You can use the PHP memory reporting functions to better evaluate the memory footprint for your requests during their lifetime, not only at the end, and see what operations consume the most memory. Freeing unneeded objects with unset()
is often beneficial.
You can run the requests one after the other and save the intermediate results to a disk file to reduce the overall memory footprint. The last call can then collect the results and send them along with one of the passthru functions.
Disabling buffering with ob_end_clean()
may help reduce the memory usage of the server process (even if it can do nothing for the PHP part). In your case I'm not sure it will work, seeing as how the process is actually an independent suphp
binary, but you can always try and see what happens.
Merging requests in a large JSON object
If several calls use the same input parameters, or "mergeable" parameters, you can try and merge the calls in a single one, thus also probably making everything that much faster: instead of returning one object, you return several objects rolled into one
Header('Content-Type: application/json');
die(json_encode(array(
'column1' => 'Output for the call to column1',
'column2' => ...
));
and in jQuery you get all of them and dispatch them where they need to go
function loadPage() {
$.get('/test-big.php', {
parcol1: 'parameter the code generating column 1'
}, function(data, textStatus, jqXHR) {
$('#column_1').append('<div>').html(data.column1);
$('#column_2').append('<div>').html(data.column2);
...
});
}
Even if the total time to satisfy all requests is longer, and there is then a longer delay before "something happens on the page", I feel that this approach is almost always preferrable for several reasons:
- it is a single HTTP connection, saving the connection overhead. With pipelining HTTP this is no longer a very big advantage, but it still is an advantage.

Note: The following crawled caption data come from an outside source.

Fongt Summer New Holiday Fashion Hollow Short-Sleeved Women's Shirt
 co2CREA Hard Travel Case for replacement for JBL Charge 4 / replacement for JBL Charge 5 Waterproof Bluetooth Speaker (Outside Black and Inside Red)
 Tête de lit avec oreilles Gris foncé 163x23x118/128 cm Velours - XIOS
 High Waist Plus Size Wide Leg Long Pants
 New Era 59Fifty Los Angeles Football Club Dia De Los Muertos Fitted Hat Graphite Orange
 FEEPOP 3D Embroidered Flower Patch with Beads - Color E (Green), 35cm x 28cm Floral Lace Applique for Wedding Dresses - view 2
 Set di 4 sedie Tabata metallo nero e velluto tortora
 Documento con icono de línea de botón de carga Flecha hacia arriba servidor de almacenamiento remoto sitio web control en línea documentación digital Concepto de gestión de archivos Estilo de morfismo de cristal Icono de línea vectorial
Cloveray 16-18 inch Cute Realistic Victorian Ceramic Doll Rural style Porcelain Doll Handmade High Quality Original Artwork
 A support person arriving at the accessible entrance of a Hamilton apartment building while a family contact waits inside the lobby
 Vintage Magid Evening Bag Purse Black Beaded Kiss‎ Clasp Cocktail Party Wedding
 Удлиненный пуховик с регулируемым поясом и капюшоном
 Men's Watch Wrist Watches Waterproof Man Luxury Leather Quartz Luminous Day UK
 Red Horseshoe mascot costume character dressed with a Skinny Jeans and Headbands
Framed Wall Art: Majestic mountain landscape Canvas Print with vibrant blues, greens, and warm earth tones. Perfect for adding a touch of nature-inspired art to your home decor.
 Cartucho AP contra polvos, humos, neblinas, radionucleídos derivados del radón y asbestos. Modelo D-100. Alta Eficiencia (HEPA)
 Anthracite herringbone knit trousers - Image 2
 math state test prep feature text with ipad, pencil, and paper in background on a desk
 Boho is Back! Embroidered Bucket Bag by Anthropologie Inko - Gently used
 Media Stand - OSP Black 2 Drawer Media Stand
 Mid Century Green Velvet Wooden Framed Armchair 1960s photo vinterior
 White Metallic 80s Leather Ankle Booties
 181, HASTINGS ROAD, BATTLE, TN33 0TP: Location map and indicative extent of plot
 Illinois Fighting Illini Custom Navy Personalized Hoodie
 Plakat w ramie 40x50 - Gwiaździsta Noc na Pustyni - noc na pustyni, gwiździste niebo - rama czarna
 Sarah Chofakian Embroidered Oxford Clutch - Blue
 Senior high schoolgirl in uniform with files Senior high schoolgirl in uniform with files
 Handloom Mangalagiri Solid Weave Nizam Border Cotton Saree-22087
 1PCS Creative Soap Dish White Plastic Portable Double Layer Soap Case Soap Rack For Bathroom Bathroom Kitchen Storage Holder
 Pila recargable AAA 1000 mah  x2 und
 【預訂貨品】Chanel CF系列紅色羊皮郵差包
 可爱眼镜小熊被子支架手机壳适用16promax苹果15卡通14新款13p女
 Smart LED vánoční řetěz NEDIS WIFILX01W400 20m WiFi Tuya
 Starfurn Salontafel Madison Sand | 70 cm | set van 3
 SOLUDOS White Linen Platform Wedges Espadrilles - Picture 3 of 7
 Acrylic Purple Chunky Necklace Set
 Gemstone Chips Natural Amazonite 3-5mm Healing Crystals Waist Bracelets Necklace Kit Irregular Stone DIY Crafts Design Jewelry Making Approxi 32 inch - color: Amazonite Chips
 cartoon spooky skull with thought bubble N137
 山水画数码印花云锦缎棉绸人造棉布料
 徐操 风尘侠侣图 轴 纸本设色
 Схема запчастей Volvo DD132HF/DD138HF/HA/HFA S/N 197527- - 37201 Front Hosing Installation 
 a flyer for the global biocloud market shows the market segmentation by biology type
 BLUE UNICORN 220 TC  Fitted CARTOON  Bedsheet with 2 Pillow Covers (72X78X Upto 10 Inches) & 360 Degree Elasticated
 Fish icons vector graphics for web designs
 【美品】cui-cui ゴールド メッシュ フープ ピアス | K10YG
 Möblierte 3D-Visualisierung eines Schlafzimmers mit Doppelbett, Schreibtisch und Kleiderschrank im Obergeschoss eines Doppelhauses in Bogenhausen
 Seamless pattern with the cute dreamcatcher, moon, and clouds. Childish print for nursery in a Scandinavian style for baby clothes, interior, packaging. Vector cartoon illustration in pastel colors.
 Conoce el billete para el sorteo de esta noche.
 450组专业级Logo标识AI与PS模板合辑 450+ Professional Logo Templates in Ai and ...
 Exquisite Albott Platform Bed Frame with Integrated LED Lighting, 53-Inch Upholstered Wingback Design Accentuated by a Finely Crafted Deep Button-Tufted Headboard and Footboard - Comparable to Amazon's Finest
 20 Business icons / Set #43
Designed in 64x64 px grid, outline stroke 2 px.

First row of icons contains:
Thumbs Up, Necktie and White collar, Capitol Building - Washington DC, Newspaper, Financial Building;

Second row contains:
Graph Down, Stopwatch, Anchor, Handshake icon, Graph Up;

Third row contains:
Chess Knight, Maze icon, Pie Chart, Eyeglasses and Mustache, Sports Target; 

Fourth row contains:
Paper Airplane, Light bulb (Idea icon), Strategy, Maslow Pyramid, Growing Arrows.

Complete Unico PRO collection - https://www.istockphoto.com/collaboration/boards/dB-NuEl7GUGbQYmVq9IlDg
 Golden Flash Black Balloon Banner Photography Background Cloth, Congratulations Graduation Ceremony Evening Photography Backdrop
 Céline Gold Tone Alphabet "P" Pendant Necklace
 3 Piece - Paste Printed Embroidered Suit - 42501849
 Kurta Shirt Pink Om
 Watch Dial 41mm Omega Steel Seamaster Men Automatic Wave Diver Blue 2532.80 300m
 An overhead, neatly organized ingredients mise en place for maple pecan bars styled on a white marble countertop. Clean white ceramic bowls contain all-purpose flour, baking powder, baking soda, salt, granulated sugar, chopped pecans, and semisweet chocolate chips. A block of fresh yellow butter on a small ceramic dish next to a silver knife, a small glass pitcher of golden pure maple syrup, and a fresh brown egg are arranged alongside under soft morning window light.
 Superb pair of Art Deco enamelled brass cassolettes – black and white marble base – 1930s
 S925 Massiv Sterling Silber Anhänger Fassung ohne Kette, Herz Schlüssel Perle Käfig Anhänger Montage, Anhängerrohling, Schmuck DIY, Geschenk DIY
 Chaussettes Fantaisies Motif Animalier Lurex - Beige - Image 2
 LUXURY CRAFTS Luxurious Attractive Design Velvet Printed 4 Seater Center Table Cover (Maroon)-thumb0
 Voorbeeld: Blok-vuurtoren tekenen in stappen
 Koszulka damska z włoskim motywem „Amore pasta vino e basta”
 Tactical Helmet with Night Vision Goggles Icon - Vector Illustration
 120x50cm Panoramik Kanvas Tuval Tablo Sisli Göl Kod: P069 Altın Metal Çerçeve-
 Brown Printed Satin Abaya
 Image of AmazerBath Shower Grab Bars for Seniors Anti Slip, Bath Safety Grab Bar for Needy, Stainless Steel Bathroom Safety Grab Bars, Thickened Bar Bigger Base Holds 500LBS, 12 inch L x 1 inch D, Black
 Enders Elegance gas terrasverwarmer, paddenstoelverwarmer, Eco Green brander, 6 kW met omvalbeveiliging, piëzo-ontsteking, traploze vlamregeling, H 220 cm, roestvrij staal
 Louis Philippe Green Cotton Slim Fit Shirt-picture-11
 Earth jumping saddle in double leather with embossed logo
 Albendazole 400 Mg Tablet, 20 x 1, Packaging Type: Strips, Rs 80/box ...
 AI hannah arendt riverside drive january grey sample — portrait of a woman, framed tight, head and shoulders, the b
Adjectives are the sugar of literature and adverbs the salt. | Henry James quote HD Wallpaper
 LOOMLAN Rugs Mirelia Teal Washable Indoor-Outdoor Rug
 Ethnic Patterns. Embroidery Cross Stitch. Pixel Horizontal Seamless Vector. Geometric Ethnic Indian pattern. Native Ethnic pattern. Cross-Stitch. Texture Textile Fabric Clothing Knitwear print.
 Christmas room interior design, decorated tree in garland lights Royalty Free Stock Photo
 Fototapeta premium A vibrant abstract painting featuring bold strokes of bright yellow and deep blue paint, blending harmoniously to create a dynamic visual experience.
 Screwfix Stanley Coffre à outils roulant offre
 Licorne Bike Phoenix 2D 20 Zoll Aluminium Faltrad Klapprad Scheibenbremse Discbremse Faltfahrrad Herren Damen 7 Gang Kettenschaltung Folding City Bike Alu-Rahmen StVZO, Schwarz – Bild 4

- the compression functions normally used by HTTP servers have a "performance curve" and don't compress, say, the first kB as well as the second and subsequent ones, especially if there are many repetitions. So sending five 2-Kb packets turns them into five 0.5 Kb packets for a total of 2.5 Kb. But actually the first Kb becomes 0.3 and the second 0.2; so sending one 10-Kb packet turns it into 0.3+0.2+0.18+0.18+... = maybe 2 Kb, which is a 20% saving at no cost.
- unless the requests are completely uncorrelated and hit totally and wildly different areas of your application, which is very unlikely, they will all incur the same setup costs (database connections, filters, buffers, loading classes, caching...). Incurring those costs only once instead of several times is a sweet deal.
- you use far fewer resources: not only RAM (one overhead versus many), but one DB connection, one cache connection, and so on and so forth. It's true that the total resource usage is not proportional to the number of requests because some of them will have terminated before some others are even started, but this way you are sure that the proportionality is constant.
- if the requests are very correlated (e.g. you ask for the total of one stock column to display, say, a semaphore graphic, and the total of another for a different semaphore...), then you can reengineer the SQL query or whatever in order to return all information at once. Instead of
SELECT opening, closing FROM nyse WHERE st='XXXX';
for twenty values of XXXX, you can doSELECT st, opening, closing FROM nyse WHERE st IN ('XXXX1','XXXX2',...);
and replace twenty queries with a single one which is only marginally slower than the first. This can't be done always, but it happens often enough that it's worth keeping in mind. By appropriately crafting the jQuery code, you might even be able to dispatch all the answers with a single.each
loop (e.g. if each target DIV has an ID which is identical to the code, you might send a JSON containing, say,'#XXX1.opening' => 1.23, '#XXX1.closing' => 1.24, ...
).